No advice on the actual CT part, but I'm more worried about the 6+ hour train ride from CT to Venice. I'm trying to squash that by routing my trip differently so we don't have to waste most of a day on a train.

Are you going straight from CT to Venice?

Posted by
17 posts

i've blocked out an entire day for the trip from CT to venice. we'll have already been to florence by that point, so i'm planning on taking the parma > bologna > venice train. stopping in one of those cities to have an afternoon meal, arrive in venice early evening.

Posted by
525 posts

You may want to look at the train schedule from LaSpezia via Florence to Venice. It is MUCH quicker than the train route from CT/LaSpezia to Venice.
I was planning my Italy trip - Rome, Florence, Venice, CT but found the train route from Venice to CT was horrible. I went to Venice after Rome then to Florence for a couple days then on to CT. It worked out much better if you can rearrange your itinerary.

Posted by
35 posts

Miss B - thats nice to hear, that is what I was considering doing myself.

Posted by
17 posts

miss b ~ i'm going rome > sorrento > siena > florence > CT > venice > milan. flights are booked, leaving in 3 weeks.
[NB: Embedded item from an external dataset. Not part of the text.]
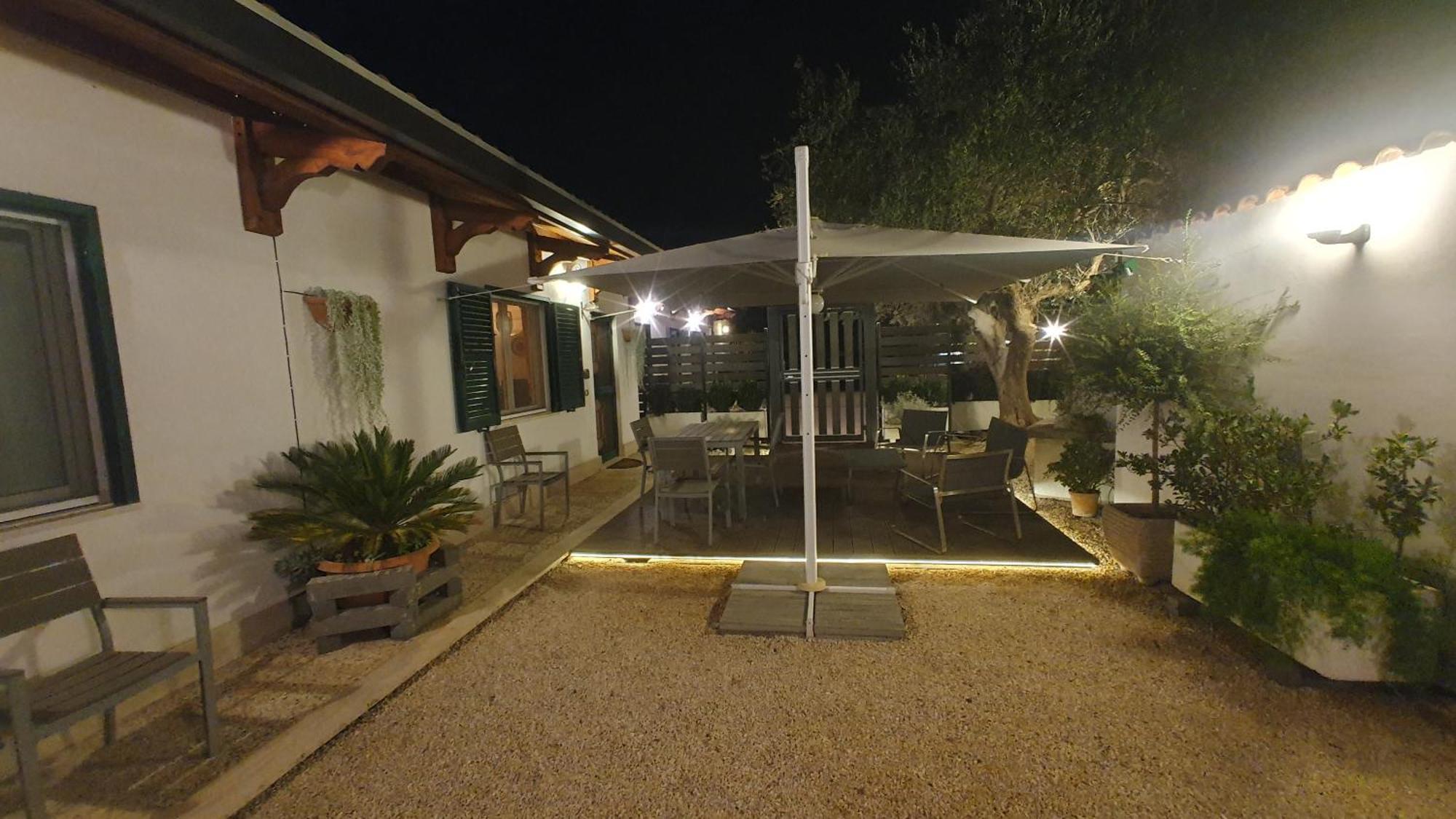 Apartment Lilli Urban Garden - Private Garden And Reserved Free Parking In Detached House Surrounded By The Greenery Of *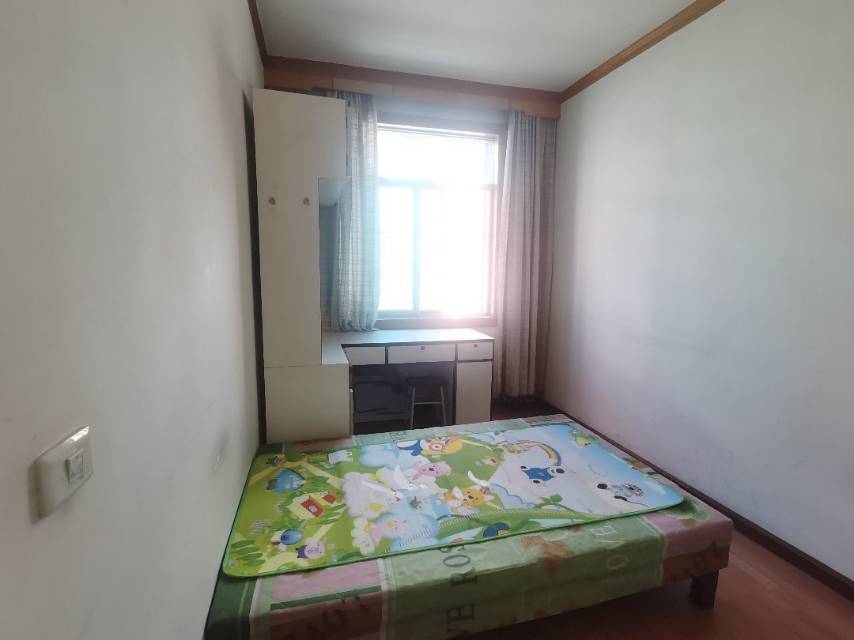 四川/绵阳荷城花园步行街，4室2厅2卫，126.48㎡，普装，售价49.80万 四川/绵阳二手房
i changed my route this week after someone on this site pointed out i should go florence > CT > venice > milan instead of florence > venice > CT > milan.

Posted by
6898 posts

Brian, the shortest train trip from Venezia Santa Lucia to the CT (i.e. Vernazza) is 6hr.02min. That particular train departs at 7:47am and has 4 train changes. Some runs take 7.0hrs. You're out of luck about finding a way to squash the train schedule. Doesn't work. Miss B is correct that it's quicker going the other way.

Posted by
525 posts

Guess the person suggesting the other route CT to Venice didn't look at the train schedule or it wasn't a problem taking so long to get from CT to Venice. Be sure to read about the places Rick suggests going to in Venice. My husband and I loved Venice. It rained a couple days and skipped Burano and Murrano and wish we had gone walking in the rain anyway.
It gets quieter later in the day around 4/5 pm when the other tourists go back to their ships. Enjoy walking the back streets in the evening. We stayed in Vernazza, took the train to Riomaggorie then walked the via Del Amore back to Corneglia then took the train back to Vernazza. We took the boat to Monterosso, walked around then took the train back. We aren't into that heavy of hiking. It was quite a hike up from Vernazza to take the famous picture that Rick Steves has in his book and shows on his DVD's, but well worth the hike for the picture. At sunset you get wonderful pictures. I wish you a safe and happy experience. We traveled to Italy in October, 2007 then England/Wales this year in June. These countries are wonderful!!

Posted by
6898 posts

Leah, the shortest run of the day from La Spezia to Venezia Santa Lucia takes 5hrs.25min and departs La Spezia Centrale at 7:47. My wife and I have taken this run. If you are in one of the towns, you will have to make sure you can get to the train station on time. One train change at Bologna. There's 50min between trains. For food, you can grab breakfast at the La Spezia train station or you can wait almost 3hrs until you get to Bologna. No food car or car on the first train out of La Spezia. At La Spezia, there is a McDonalds (with 2 very busy expresso machines) and another sandwich place. Get there early if you want food. Outside of Bologna, you really won't be able to jump off the train somewhere for food. The second train should have a food carriage. Ours did.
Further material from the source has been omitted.